The Spirit in All Creatures – So, we can comfortably say that all living creatures share the gift of a spirit/breath from God. This truth humbles us from triumphalism of misreading Psalm 8, or from misinterpreting God’s covenant as one of domination over, rather than a caretaking and stewarding dominion over our non-human fellow living creatures who share the God-given spirit/breath (ruach chayyim).
So, with that background, what is it that happens at Pentecost?
What does this giving of the Spirit mean that is distinct from all these other instances? Let me suggest at least a partial answer. The giving of the Spirit to the Church at Pentecost seems to have several simultaneous meanings.

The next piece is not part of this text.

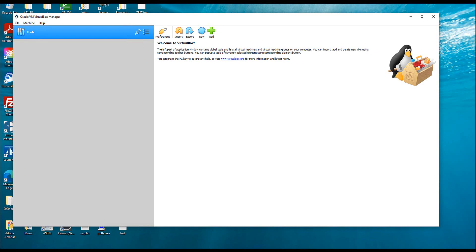In this video I am going to show you how to install a guest operating system on your main host operating system using VirtualBox. VirtualBox is one of the great tools — it's an open source, free software created by Oracle for personal and enterprise use.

A Continuation of the Ministry of Jesus – The Holy Spirit continues that empowering work for ministry demonstrated in the Gospels, particularly Luke 9 & 10, wherein Jesus commissions the 12 Apostles and then the 70 Disciples for evangelistic work that included healing and exorcism – i.e. a continuation of his work proclaimed in Luk 4 (quoting Isaiah 60) empowered by the Spirit of the Lord (i.e. the Holy Spirit) – 18 “The Spirit of the Lord is upon me, because he has anointed me to bring good news to the poor. He has sent me to proclaim release to the captives and recovery of sight to the blind, to let the oppressed go free, 19 to proclaim the year of the Lord’s favor.”

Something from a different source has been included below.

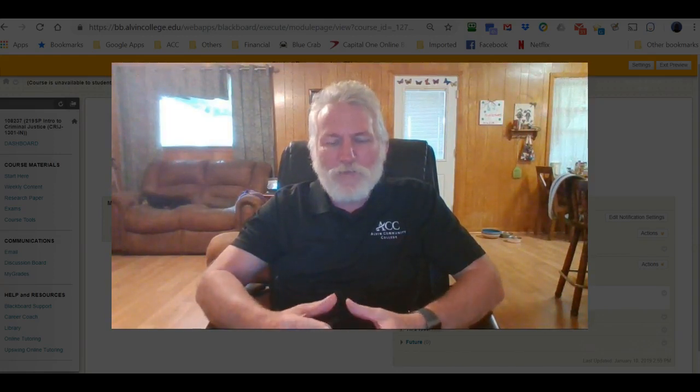My name is Craig Foss and I am the chair of the Criminal Justice Department here at Alvin Community College. I want to show you a brief video on how to navigate through my Blackboard classes. Every instructor has a slightly different way of doing things in Blackboard, so I want to show you exactly how mine works. I'll show examples from my online classes and then briefly cover differences in my face-to-face classes.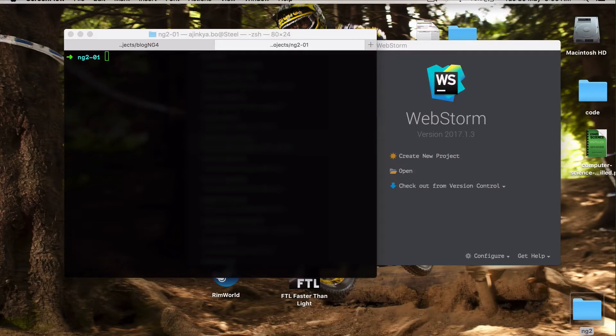Hello and welcome to JavaScript Evangelist. In today's video we are going to create an Angular 4 project, specifically a blog application using Angular 4.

Good news to those who lack sufficient resources to sustain life
Freedom to those who are bound
New vision to the blind
Freedom to the oppressed
The Jubilee Year – a reordering of the economic, social & political world
A New Relationality – An expression of God’s connection to humanity through a peculiar people – a work that began with Abraham and Sarah. This connection was for the purpose of blessing humanity – not for the primary purpose of blessing the chosen people. In order for the work of Jesus to continue, his presence needs to continue, but not through the physicality of his Nazarene body but through His Body, the Church. Therefore the Spirit that descended on Jesus at his baptism is the same Spirit that descended on the Church at Pentecost, creating and confirming the unique role of the church as the continuation of the incarnation – enabling both the divine presence WITH the church and the divine presence THROUGH the church IN the world.
A Renewing Force – Because this is the life-giving resurrection Spirit, the Spirit which raised Christ from the dead will also give NEW life to our bodies – i.e. not victory over the entropy common to natural things, but over the spiritual self-destructive narcissism unique to humans. So though “the outward self is perishing, the inward self is being renewed day by day” (2 Corinthians 4:16).

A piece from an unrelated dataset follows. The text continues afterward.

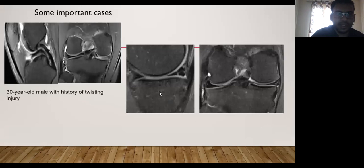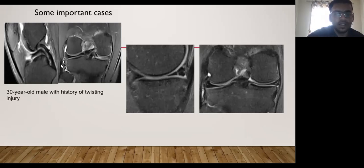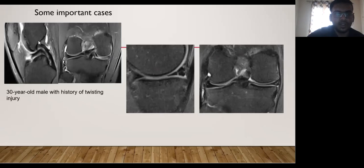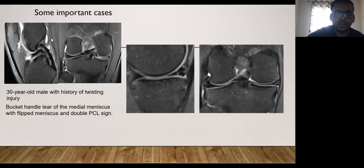This is a case of a 30-year-old male patient with a history of twisting knee injury. On the sagittal and coronal sequences, we can appreciate injury to the medial meniscus dividing it into medial and lateral meniscal fragments. The medial fragment is flipped and reaches the intercondylar notch. In the sagittal plane, it is oriented parallel to the intact posterior cruciate ligament, giving the characteristic double PCL sign, which is diagnostic for bucket handle tears. These are essentially vertical longitudinal tears with extension along the course of the meniscus.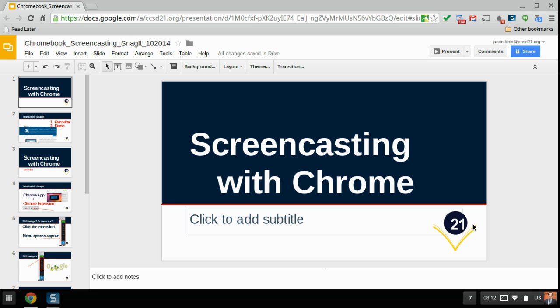Hello, this is intentionally a completely unedited recording of using Snagit to do a screencast primarily with Google Slides.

A Down payment on Eternity – The Spirit is a “first installment, a down-payment” from God to us on the promise of everlasting life and the redemption of our whole self – body, mind, spirit & soul, and with us all of creation (2 Corinthians 1:22; Ephesians 1:14; Romans 8:19). As we are being made new (sanctified, re-born, re-created) in this life, a process which will see its fulfillment in the life to come, so too will all of this creation experience the same renewal – as John described in the received Revelation (21:1). The presence and work of the Holy Spirit is our assurance that God is not through with us and that the final consummation of all things means restoration and renewal with God dwelling here among us in fullness and glory.
Pentecost expresses God’s desire to be with us, to bless us and work with us to bless others.
We Are Beloved: It enables us to hear with Jesus the words of God at our baptism “You are my beloved child, with whom I am very pleased.” (Luke 3:21-22)
We Are Called: It enables us to say with Jesus the words from Isaiah 60: “The Spirit of the Lord is upon me because he has anointed me a proclaimer of Good news.” (Luke 4:18-19)
Kingdom Power: Pentecost is the initiating of the church, a continuation of the Kingdom of God on earth as it is in heaven, for which we pray, and thus for which we work. It is our call to action in the world, among each other and among our neighbors – it is both our empowerment and our ordination to Christian Ministry.